How might we entice and educate new recruits and tech innovators in our emerging technology organization?
In 2014 Finra was in transition from strictly stock market monitoring to an addition of becoming a financial technology organization. During this time, there was no active engagement process other than college fairs and cold call recruiting. Additionally, I wanted to educate our financial partners on the technology we were building that was award and patent winning. Because there was no previous website to highlight our movements in fintech as well as something that would further engage potential recruits to join in our journey, I knew we needed a space more modern and evolved within online presence that preceeds our traditional marketing stance and position. Considering the Tech side fo the company was new, it wouldn't be as hard to do in a world already revolving around technology.
As the sole designer on this project, I began attending our advertised hackathons to understand what innovatice technology was the buzz of upcoming generations. I met with, interviewed, and mentored interns while working with business stakeholders to build presence, repor, and obtain valuable insight that I could use as featured highlights on the homepage. I furthered my knowledge through empathy interviews with external tech vendor partners and proxy clients to establish trends in what the current and next generation was looking for from fintech companies. I continued to push even further my learning plan all the way to research execution and synthesis. Holding workshops around value vs feasability and to determine Tech LOE on concepts, I journeyed to create project briefs and research shareouts that could solve for client and prospect pain points in finding the smartest way to educate and get involved with our public tech events.
Through usability testing I was able to learn that our original thought was not quite reaching the edge our partners and prospects were driven towards. So I attending more learning opportunities at hackathons, watched keynotes from young innovators, and dug deep in the most followed tech forums to get a better sense of the human behind the tech which led to an overhaul of the design direction I originally began.

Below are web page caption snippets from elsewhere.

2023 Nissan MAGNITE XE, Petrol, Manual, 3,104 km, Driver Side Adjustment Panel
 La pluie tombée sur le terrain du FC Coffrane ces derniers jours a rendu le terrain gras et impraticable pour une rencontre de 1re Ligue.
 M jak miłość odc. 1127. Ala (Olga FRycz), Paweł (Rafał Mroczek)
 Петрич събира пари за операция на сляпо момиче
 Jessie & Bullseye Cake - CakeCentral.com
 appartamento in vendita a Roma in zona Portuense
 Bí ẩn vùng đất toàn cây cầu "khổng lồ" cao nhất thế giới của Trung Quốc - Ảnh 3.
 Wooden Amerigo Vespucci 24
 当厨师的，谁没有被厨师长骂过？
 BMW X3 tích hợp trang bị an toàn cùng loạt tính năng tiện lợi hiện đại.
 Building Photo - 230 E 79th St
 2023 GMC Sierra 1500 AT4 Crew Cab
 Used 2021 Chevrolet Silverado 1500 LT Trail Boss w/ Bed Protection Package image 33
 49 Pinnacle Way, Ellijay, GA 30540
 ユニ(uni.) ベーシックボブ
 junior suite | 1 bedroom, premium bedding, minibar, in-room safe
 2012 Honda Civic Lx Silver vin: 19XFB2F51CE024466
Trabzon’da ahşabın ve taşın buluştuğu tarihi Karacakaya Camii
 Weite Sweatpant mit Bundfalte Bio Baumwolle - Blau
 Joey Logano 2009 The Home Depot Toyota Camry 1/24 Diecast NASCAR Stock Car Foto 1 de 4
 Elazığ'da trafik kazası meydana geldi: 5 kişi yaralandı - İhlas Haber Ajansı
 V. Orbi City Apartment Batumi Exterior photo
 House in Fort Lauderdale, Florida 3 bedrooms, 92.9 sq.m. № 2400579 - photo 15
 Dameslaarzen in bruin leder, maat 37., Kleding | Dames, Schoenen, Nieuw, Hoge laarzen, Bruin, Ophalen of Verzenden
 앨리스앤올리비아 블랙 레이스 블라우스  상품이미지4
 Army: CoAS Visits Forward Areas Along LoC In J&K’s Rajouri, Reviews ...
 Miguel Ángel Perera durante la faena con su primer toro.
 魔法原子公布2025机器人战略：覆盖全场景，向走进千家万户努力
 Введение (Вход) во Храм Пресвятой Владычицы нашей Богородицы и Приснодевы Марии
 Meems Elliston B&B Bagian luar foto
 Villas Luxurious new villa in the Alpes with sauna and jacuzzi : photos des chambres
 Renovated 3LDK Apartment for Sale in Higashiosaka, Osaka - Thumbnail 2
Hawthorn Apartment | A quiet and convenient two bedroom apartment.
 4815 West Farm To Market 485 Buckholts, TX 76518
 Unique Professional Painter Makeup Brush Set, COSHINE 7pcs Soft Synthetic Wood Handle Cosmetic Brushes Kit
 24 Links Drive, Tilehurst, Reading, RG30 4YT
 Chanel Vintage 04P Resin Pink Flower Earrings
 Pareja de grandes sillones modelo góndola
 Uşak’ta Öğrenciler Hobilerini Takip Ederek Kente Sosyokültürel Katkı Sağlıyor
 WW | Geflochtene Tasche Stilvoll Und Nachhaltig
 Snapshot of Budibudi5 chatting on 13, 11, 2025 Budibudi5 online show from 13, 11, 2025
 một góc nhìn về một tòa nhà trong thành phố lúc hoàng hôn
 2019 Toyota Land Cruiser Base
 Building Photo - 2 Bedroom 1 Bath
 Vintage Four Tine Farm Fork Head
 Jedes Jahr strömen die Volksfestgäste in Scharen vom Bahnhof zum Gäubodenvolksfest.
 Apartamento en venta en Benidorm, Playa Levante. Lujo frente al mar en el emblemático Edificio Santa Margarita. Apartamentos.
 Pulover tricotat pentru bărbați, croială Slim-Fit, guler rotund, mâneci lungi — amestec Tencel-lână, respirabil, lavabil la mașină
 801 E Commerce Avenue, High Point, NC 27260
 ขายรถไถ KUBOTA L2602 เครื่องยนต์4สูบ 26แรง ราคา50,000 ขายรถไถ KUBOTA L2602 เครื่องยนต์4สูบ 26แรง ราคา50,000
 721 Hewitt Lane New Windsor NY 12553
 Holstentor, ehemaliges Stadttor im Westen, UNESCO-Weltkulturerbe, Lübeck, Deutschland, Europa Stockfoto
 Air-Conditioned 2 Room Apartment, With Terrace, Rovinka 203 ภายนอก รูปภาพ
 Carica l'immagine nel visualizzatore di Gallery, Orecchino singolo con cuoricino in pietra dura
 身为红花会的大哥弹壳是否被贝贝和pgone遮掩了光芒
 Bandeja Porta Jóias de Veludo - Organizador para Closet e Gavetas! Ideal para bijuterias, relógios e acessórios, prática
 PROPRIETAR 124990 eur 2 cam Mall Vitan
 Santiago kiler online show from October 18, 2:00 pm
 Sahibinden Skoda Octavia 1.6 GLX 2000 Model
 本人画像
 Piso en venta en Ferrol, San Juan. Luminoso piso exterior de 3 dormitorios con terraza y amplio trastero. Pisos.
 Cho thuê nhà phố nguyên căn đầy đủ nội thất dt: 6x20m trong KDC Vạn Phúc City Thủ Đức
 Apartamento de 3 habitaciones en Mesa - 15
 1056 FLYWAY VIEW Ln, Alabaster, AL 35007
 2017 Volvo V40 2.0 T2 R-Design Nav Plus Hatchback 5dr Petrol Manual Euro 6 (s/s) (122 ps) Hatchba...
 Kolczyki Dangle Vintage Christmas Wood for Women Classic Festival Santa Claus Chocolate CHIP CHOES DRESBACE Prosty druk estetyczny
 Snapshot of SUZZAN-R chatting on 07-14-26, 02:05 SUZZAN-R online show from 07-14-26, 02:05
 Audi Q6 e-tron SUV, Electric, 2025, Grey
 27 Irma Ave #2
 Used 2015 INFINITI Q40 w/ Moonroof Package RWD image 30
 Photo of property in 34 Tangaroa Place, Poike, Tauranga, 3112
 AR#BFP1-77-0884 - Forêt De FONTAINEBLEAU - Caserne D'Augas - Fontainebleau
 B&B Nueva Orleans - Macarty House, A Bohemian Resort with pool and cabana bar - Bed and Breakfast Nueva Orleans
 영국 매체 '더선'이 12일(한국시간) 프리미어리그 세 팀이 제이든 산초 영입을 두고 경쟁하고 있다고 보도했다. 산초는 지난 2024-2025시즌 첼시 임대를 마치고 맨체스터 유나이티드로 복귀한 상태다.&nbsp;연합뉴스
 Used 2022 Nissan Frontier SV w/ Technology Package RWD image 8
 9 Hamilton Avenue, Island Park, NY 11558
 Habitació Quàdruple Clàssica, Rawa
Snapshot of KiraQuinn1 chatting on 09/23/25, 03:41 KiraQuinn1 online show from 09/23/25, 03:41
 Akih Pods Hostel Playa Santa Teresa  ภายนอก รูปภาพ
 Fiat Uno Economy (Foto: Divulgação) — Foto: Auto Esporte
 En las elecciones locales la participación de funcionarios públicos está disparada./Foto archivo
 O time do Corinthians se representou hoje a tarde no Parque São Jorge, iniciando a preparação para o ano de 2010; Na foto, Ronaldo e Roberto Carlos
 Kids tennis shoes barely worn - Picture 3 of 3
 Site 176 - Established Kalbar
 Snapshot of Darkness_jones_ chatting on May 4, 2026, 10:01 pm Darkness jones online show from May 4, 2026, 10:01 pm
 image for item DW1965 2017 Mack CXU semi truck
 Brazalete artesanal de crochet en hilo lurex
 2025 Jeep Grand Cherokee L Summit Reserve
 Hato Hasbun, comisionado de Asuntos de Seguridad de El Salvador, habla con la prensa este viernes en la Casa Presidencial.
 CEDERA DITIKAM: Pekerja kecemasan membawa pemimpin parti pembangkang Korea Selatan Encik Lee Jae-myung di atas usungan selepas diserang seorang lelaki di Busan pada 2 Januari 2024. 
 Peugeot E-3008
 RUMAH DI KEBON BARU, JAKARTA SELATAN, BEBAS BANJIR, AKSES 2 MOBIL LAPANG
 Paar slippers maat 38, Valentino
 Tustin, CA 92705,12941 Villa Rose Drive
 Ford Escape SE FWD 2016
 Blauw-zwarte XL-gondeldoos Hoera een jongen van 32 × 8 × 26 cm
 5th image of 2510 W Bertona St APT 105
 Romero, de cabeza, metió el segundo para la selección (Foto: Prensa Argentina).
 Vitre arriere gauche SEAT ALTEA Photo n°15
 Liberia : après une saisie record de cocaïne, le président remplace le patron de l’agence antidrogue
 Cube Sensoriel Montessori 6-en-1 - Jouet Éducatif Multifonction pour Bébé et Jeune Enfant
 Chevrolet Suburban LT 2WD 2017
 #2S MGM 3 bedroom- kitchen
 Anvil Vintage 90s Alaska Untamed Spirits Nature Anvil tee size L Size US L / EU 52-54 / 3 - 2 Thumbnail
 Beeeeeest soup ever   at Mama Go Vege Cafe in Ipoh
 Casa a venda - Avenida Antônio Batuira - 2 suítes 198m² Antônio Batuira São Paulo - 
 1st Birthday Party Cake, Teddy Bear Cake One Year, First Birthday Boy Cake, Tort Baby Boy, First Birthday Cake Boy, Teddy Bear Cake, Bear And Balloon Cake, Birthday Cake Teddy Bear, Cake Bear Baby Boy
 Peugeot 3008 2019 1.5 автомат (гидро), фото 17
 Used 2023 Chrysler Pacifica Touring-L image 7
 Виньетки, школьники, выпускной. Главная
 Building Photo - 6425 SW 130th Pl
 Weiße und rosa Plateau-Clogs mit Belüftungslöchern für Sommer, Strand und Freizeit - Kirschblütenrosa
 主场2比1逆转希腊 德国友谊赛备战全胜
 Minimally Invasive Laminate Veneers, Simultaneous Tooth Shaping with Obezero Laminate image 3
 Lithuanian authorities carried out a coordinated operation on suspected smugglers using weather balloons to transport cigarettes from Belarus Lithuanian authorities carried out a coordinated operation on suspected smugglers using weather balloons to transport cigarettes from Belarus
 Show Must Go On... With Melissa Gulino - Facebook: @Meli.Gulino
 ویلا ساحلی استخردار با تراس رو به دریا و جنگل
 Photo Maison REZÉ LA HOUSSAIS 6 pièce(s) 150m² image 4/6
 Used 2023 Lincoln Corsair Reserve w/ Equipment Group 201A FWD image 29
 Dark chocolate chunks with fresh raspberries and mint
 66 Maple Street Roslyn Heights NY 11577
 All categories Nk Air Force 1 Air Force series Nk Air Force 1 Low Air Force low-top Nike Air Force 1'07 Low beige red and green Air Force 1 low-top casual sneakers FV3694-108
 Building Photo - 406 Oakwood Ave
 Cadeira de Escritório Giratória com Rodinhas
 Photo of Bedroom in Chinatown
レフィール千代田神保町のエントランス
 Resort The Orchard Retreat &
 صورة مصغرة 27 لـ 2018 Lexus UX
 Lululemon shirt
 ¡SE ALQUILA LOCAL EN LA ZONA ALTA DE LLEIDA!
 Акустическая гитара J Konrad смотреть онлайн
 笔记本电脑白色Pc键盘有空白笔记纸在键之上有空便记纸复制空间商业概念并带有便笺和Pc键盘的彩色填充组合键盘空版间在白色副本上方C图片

Partnering with senior business stakeholders, product owners and developers I conducted 6 empathy interviews, facilitated 1 design jam and 1 three day design sprint to analyze our business, partner and prospect pain points when engaging with fintech companies. Post research shareout I moved on to ideation of lo-fidelity wireframes, prototyping, gorilla UAT testing, visual design mockups, and then development with html, javascript, css and special scripts such as three.js . I developed 90% of the website and leaned on other developers to create event apis, and launch.
In 2015, I was surprised by my design manager, product owner and tech director who submitted the final designs that were launched to the Interactive Media Awards. The designs won 2 Best in Class awards given by a wide range of Creative Directors, Art Directors, Product Directors, and UX judges from companies such as Sony, Nike, and Discovery.